En apportant, dans le système hollywoodien, une vision romantique et désespérée de l’Amérique, Nicholas Ray s’est imposé comme l’un des auteurs les plus originaux de la génération d’après-guerre. Obsédé par la crise de la civilisation américaine et fasciné par la jeunesse, ce cinéaste romantique et écorché a laissé une œuvre qui, rétrospectivement, paraît singulièrement prémonitoire. Méconnu dans son propre pays, il est resté un mythe exemplaire pour bon nombre de cinéastes européens

Peu de cinéastes ont autant marqué la sensibilité de leur époque que Nicholas Ray, au point qu’il est devenu lui-même un personnage de film. Par-delà le fervent hommage que lui ont ainsi rendu de jeunes réalisateurs contemporains (et notamment Wim Wenders), cette fascination est révélatrice, car Ray cristallise en lui les contradictions d’un artiste déchiré entre son inspiration créatrice et les impératifs commerciaux du système hollywoodien (contradictions évidentes, mais parfaitement résolues par les plus grands metteurs en scène).
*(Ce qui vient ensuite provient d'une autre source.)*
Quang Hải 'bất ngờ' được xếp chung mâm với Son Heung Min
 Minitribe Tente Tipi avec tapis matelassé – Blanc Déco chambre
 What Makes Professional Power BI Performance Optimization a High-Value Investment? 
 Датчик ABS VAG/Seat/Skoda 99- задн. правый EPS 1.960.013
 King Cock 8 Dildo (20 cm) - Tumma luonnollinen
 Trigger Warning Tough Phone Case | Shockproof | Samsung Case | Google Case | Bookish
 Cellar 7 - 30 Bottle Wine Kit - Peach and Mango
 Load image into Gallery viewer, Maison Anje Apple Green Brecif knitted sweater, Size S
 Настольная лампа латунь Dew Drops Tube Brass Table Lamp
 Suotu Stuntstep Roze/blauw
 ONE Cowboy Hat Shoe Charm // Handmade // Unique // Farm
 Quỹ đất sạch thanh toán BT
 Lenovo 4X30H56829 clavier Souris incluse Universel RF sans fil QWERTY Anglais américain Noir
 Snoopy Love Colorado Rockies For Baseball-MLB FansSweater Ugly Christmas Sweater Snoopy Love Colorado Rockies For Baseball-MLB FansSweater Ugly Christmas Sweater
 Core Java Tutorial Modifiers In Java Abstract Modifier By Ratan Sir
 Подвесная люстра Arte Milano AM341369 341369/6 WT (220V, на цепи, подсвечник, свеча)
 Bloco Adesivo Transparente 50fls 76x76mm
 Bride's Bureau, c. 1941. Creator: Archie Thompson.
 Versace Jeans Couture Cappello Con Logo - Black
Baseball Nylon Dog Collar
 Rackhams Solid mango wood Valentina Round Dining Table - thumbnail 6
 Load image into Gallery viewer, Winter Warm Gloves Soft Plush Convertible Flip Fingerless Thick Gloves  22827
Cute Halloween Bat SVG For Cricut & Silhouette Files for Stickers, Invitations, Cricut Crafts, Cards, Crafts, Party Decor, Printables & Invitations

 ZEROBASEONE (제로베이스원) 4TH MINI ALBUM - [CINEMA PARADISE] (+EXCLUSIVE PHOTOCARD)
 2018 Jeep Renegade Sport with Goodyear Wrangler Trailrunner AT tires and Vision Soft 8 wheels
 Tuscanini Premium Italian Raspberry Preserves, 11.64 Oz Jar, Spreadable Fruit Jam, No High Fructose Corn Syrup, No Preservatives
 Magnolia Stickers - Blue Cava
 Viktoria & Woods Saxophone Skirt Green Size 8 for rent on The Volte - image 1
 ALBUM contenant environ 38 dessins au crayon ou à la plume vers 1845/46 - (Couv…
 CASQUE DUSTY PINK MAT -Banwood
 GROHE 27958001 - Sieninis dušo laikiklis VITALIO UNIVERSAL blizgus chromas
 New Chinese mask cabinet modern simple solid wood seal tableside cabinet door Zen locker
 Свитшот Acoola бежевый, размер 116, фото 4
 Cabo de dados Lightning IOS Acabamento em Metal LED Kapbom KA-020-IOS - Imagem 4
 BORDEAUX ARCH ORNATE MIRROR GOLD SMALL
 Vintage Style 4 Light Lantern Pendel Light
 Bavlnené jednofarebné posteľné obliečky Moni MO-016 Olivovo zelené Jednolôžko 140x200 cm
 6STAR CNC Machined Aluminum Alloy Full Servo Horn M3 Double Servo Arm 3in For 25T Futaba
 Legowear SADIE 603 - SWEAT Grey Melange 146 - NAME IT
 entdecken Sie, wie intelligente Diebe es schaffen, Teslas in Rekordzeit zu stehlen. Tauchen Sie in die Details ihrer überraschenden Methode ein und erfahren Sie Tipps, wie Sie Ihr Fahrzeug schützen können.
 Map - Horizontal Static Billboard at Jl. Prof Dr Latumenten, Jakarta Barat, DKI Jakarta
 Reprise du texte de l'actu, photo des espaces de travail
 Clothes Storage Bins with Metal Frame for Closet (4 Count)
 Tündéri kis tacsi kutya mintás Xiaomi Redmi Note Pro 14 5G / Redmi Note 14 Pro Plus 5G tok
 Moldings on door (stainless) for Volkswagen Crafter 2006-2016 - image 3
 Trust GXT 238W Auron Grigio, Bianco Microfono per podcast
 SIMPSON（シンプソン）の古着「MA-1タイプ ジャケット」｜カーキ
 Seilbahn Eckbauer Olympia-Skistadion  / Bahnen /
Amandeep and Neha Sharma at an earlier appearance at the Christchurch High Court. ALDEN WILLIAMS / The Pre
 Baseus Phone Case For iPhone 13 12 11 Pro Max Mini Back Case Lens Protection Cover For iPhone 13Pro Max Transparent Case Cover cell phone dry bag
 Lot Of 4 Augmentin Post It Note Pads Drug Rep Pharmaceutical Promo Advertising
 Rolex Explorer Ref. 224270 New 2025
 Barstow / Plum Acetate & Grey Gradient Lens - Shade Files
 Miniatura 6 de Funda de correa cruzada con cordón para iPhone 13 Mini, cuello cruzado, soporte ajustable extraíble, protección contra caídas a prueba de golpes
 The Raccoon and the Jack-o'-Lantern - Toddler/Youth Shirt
Victime de Hollywood (certaines de ses œuvres ont été mutilées ou modifiées contre sa volonté), Ray s’est montré en même temps incapable de s’exprimer hors du système, ce qui explique que bien souvent ses meilleures réussites aient été des films de commande. Il n’en reste pas moins qu’il compte parmi les plus authentiques auteurs du cinéma américain.

De l’architecture à Hollywood Nicholas
Ray, de son véritable nom Raymond Nicholas Kienzle, est né à La Crosse (Wisconsin) le 7 août 1911. Très jeune, il s’intéresse au théâtre, mais une rencontre déterminante va le pousser à faire des études d’architecture : il fait en effet la connaissance du grand architecte Frank Lloyd Wright et, à l’âge de 16 ans, obtient une bourse pour suivre ses cours à l’université de Chicago. Plus tard, il dira s’être souvenu de l’enseignement du grand maître pour faire édifier le saloon de Johnny Guitar (1954) sur le flanc d’une montagne, en plein désert : « Parce que j’aimais la forme et la couleur de la pierre. C’était une espèce de Frank Lloyd Wright médiéval. » Cette initiation aux arts plastiques aura incontestablement une grande influence sur toute l’œuvre de Ray, qui a été profondément marqué par les peintres expressionnistes et par l’art médiéval, ce qui explique sans doute en partie le caractère profondément baroque et flamboyant de son style.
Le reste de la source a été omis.